Anomaly-Driven Hunting

Author: Roger C.B. Johnsen

Introduction

Anomaly-driven hunting is a threat hunting approach where the hunter looks for meaningful deviations from expected behaviour.

The basic idea is simple: malicious activity often creates behaviour that does not fit the normal pattern of an environment. A user logs in from an unusual location. A service account authenticates to systems it normally never touches. A workstation starts talking to infrastructure it has never contacted before. A process launches from an unusual parent. A backup server receives interactive logons from unexpected accounts.

Those deviations may be malicious. They may also be completely benign. That is why anomaly-driven hunting is not only about finding strange things. It is about understanding whether the strange thing matters.

This makes anomaly-driven hunting different from simply reviewing alerts. The hunter is not waiting for a known signature to fire. The hunter is asking what normal looks like, where the environment deviates from that normal and whether those deviations can be explained.

A useful anomaly-driven hunting question is:

What is unusual here, and is it unusual for a reason that matters?

That question is important because unusual does not automatically mean suspicious, and suspicious does not automatically mean malicious.

An anomaly is not a finding. It is an invitation to ask a better question.

– Roger Johnsen

What Anomaly-Driven Hunting Is

Anomaly-driven hunting starts with a comparison between expected behaviour and observed behaviour. The expected behaviour may come from a formal baseline, historical data, analyst experience, business knowledge, asset roles, identity patterns, peer groups or known administrative processes. The observed behaviour comes from telemetry.

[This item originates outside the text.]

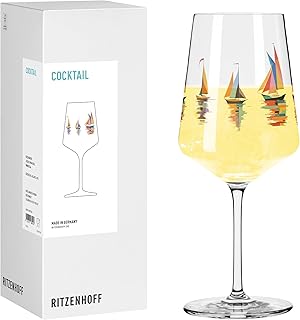 RITZENHOFF 8281002 Cocktail Glas 500 ml, Serie Segeln – mit farbenfrohem Segelboot-Motiv auf Wa…
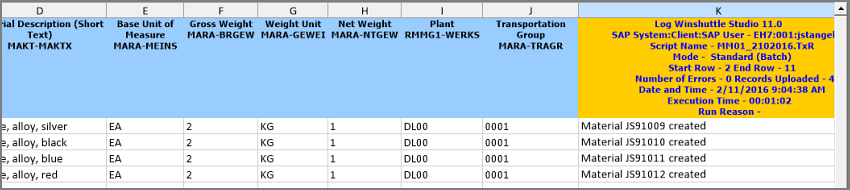 log column showing materials were created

The hunter then looks for deviations that may indicate attacker activity, misconfiguration, policy violations, misuse, operational drift or visibility problems.

ElementMeaning
BaselineA representation of what normal or expected behaviour looks like.
AnomalyA deviation from that expected behaviour.
ContextThe information needed to decide whether the deviation matters.
HypothesisA testable explanation for what the anomaly may represent.
InvestigationThe process of validating, rejecting or refining that explanation.

This is where anomaly-driven hunting becomes useful. It does not require the hunter to know the exact indicator in advance. Instead, the hunter starts from behaviour that does not fit the environment. That makes it useful for discovering unknown, emerging or poorly detected activity.

But it also makes it dangerous if used carelessly. Anomaly-driven hunting can produce endless noise if the team does not understand the environment, scope the hunt properly or distinguish between rare and relevant.

Why Anomalies Matter

Attackers often need to interact with the environment in ways that differ from normal business activity. They may need to:

  • authenticate using stolen credentials
  • access systems outside a user’s normal pattern
  • execute tools from unusual paths
  • create new services
  • move laterally between hosts
  • access sensitive data stores
  • stage files before exfiltration
  • disable logging, backup or security controls
  • use administrative tools from unexpected devices
  • communicate with external infrastructure

Each of these behaviours may create anomalies. However, legitimate activity can create anomalies too. A system administrator may perform emergency maintenance. A developer may test a new deployment tool. A service account may be changed by an application owner. A user may travel. A business unit may migrate to a new SaaS platform. A backup job may be rescheduled.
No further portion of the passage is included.